Il comma 2 dell'articolo, come modificato nel corso dell'esame al Senato, esclude dalla procedura descritta i titoli accademici rilasciati dalle istituzioni straniere autorizzate ai sensi dell'articolo 2 della legge n. 4 del 1999 e secondo la disciplina dell'articolo 4 della legge n. 148 del 2002 di ratifica della Convenzione di Lisbona concernente il riconoscimento di titoli di studio stranieri relativi all'insegnamento superiore nella regione europea per la cui dichiarazione di equipollenza rimangono dunque ferme le disposizioni di tale ultima legge.
L'articolo 2 introduce una speciale disciplina in materia di equipollenza dei titoli di laurea, anche al fine di rafforzare il processo di convergenza europea dei sistemi scolastici e universitari.

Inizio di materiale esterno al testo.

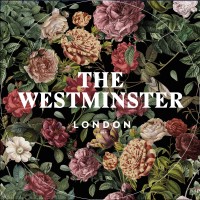 The Westminster London, Curio Collection by Hilton logo - Similar company to The Arterial Group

Merita segnalare che le disposizioni in esame appaiono sostanzialmente analoghe a quanto già previsto dall'articolo 30 della legge n. 56 del 1989, in relazione all'equipollenza automatica delle lauree in giurisprudenza rilasciate da istituzioni universitarie di particolare rilevanza internazionale.
Per quanto concerne i destinatari della disposizione recata dall'articolo 2, ritengo opportuno segnalare che nel corso del dibattito al Senato si è fatto più volte riferimento ai titoli accademici rilasciati dalle Università pontificie. In particolare, si segnala un ordine del giorno, presentato dal senatore Cutrufo e accolto come raccomandazione, che impegna il Governo ad applicare la nuova procedura ai titoli rilasciati dalla Pontificia università lateranense.

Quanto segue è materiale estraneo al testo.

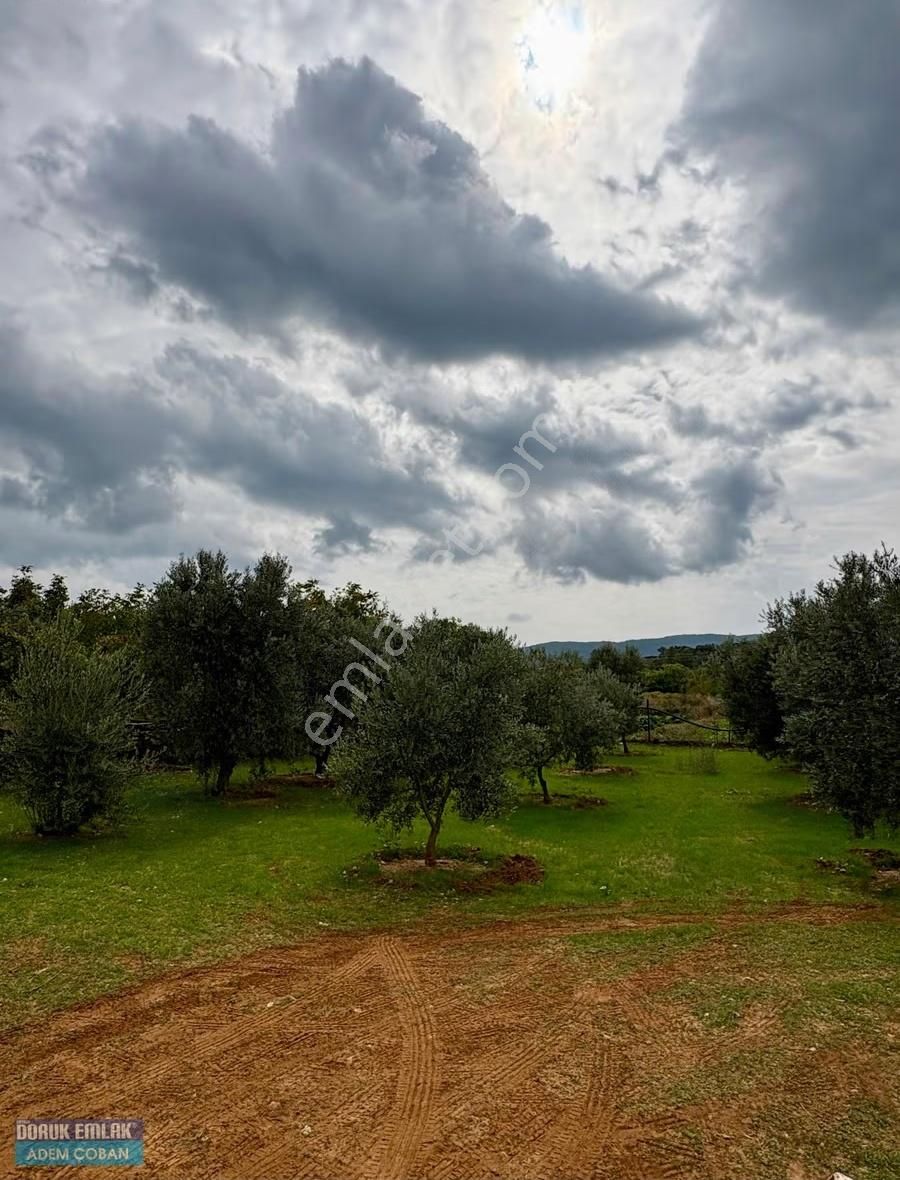 Muğla Menteşe Yerkesik Mah.satılık 6.850 M2 Ceviz Bahçesi - Görsel 4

L'articolo 3 dispone, infine, in ordine all'entrata in vigore del decreto-legge e alla sua conversione in legge. Si prevede, in particolare, che il provvedimento entri in vigore il giorno stesso della sua pubblicazione.
PRESIDENTE. Prendo atto che rappresentante del Governo si riserva di intervenire in sede di replica.
È iscritto a parlare l'onorevole Martella. Ne ha facoltà.
ANDREA MARTELLA. Signor Presidente, sono trascorsi quasi tre anni dall'insediamento del Governo Berlusconi e finora per l'università non è accaduto nulla di positivo. Abbiamo assistito soltanto ad annunci propagandistici, a proposte di riforma velleitarie e largamente contestate, al taglio di finanziamenti, al blocco delle assunzioni, al blocco dei concorsi.
Nel corso del nostro lavoro parlamentare abbiamo esaminato esclusivamente una serie di decreti-legge, che sembrano farci ritornare alla stagione dei provvedimenti d'urgenza per l'università, blindati nel corso dell'esame parlamentare e in assenza di qualsiasi iniziativa propositiva da parte del Governo e di un dibattito politico pubblico sullo stato dell'università e sulle sue prospettive di qualificazione e di sviluppo.
Il decreto-legge in esame costituisce l'ennesimo provvedimento d'urgenza, che ha ad oggetto due temi degni di rilevanza ma completamente diversi fra loro (è peraltro certamente positivo il fatto che entrambi gli articoli si occupino di materie relative all'università, il che non sempre è accaduto).
L'articolo 1 riguarda la regolarizzazione del trattamento economico degli ex lettori universitari di madre lingua straniera. Si tratta di una questione la cui soluzione è certamente urgente, che presenta elementi di notevole complessità e che si trascina da anni, anche con complicazioni a livello internazionale.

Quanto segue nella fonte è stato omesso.